For transient failures (network blips, rate limits), retry with exponential backoff before failing:

async function withRetry<T>(
  operation: () => Promise<T>,
  maxAttempts = 3,
  baseDelayMs = 100,
): Promise<T> {
  for (let attempt = 1; attempt <= maxAttempts; attempt++) {
    try {
      return await operation();
    } catch (error) {
      if (attempt === maxAttempts) throw error;
      await sleep(baseDelayMs * Math.pow(2, attempt - 1));
    }
  }
}

AGENTS.md rules for resilience

## Resilience rules

- External HTTP calls must have explicit timeouts (never rely on provider defaults)
- External calls that can fail transiently: wrap with retry + exponential backoff
- High-value external calls (payment, email): wrap with circuit breaker
- Timeouts: specify in the design doc — don't leave defaults
- Specify fallback behaviour: what happens when the external call fails entirely?

Rollback strategy

Every deployment should have a defined rollback path before it goes out. Agents can implement database migrations but won’t design rollback strategies without being asked.

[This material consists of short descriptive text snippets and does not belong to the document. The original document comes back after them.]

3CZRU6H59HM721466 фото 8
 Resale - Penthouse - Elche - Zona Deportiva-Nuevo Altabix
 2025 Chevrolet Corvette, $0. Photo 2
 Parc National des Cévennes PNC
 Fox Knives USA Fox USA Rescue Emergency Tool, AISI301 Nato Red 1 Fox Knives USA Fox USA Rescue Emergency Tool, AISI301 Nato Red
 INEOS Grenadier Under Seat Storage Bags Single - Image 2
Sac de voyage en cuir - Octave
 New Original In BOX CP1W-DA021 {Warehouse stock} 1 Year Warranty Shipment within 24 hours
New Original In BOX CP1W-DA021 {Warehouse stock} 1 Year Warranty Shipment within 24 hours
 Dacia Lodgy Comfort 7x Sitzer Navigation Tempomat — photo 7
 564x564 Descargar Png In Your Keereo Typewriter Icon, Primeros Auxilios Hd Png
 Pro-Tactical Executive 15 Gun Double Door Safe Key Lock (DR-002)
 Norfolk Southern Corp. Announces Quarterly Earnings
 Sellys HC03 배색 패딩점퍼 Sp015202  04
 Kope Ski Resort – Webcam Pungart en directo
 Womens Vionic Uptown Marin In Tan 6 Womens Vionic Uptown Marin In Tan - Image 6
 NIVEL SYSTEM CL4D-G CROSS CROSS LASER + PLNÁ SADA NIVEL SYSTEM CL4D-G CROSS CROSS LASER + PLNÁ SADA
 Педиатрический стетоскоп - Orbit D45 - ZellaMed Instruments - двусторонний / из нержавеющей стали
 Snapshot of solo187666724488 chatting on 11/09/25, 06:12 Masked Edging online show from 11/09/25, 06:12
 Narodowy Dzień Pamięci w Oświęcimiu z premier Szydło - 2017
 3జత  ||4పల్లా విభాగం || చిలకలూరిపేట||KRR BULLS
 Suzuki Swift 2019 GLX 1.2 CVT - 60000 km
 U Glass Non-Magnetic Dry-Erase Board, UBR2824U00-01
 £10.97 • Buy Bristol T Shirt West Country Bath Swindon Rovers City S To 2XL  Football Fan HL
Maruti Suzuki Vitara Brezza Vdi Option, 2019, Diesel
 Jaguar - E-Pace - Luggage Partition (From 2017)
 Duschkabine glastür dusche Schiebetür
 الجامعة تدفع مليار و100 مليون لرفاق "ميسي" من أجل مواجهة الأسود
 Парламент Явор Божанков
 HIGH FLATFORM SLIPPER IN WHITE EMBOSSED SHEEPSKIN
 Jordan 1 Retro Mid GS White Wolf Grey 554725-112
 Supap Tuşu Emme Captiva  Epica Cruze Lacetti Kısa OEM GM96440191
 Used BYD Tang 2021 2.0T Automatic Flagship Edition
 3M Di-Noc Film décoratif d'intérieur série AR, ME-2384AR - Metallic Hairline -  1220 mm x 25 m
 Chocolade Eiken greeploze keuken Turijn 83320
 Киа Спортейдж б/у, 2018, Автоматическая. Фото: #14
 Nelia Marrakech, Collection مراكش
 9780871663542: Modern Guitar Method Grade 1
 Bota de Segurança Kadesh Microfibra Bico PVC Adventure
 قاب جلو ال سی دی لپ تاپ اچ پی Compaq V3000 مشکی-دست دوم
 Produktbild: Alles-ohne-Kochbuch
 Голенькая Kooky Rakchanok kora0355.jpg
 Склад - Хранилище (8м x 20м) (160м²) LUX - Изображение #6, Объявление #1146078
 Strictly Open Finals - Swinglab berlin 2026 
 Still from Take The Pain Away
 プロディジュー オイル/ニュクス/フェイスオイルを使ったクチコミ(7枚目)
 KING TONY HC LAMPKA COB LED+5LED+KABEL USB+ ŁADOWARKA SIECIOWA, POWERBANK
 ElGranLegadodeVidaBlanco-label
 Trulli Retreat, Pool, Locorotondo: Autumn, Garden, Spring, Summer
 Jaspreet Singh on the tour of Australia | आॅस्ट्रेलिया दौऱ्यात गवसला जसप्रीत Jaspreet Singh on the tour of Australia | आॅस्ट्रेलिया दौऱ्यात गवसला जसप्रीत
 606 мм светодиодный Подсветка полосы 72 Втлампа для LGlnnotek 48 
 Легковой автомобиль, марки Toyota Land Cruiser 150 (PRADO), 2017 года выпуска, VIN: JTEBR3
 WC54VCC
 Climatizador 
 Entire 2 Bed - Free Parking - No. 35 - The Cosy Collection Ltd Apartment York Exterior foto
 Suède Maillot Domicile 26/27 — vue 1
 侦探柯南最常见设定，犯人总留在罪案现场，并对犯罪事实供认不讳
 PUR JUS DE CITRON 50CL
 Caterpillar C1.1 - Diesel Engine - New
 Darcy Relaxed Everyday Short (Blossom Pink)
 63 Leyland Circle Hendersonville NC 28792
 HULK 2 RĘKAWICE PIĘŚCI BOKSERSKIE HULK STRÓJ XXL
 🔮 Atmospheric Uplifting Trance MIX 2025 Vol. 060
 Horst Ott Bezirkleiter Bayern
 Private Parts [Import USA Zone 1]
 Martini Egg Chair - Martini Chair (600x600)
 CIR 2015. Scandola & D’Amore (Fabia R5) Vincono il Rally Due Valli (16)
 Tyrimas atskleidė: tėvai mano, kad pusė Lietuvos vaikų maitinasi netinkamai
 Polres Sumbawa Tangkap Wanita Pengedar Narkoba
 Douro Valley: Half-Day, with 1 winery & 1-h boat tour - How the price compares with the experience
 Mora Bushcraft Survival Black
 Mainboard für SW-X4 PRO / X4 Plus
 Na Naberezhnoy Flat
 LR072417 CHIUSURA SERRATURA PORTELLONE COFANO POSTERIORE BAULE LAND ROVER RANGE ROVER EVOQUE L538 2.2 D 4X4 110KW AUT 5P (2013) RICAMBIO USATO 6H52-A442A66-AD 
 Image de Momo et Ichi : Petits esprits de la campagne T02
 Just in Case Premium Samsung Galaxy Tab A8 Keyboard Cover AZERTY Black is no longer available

For each migration, design documents must state:

  • Is this migration reversible? (Add column = yes; remove column = requires more care)
  • What’s the rollback command?
  • Does a rollback require a code rollback too?

Migration safety pattern — expand/contract:

Phase 1: Expand — add the new column, old code still works
Phase 2: Migrate data — populate the new column
Phase 3: Dual-write — new code writes both old and new column
Phase 4: Switch — new code reads from new column only
Phase 5: Contract — remove the old column

This pattern ensures any phase can be rolled back independently. Agents can execute it — but you have to specify it in the design document.

Operability checklist for design review

Before implementation starts, verify the design document answers:

  • Which new behaviours need a feature flag?
  • What are the health check requirements for any new service endpoints?
  • Which external dependencies need circuit breakers or retry logic?
  • What are the explicit timeout values for external calls?
  • What’s the rollback strategy for any database migrations?
  • What happens to in-flight requests during deployment?
  • What does graceful degradation look like if a key dependency is unavailable?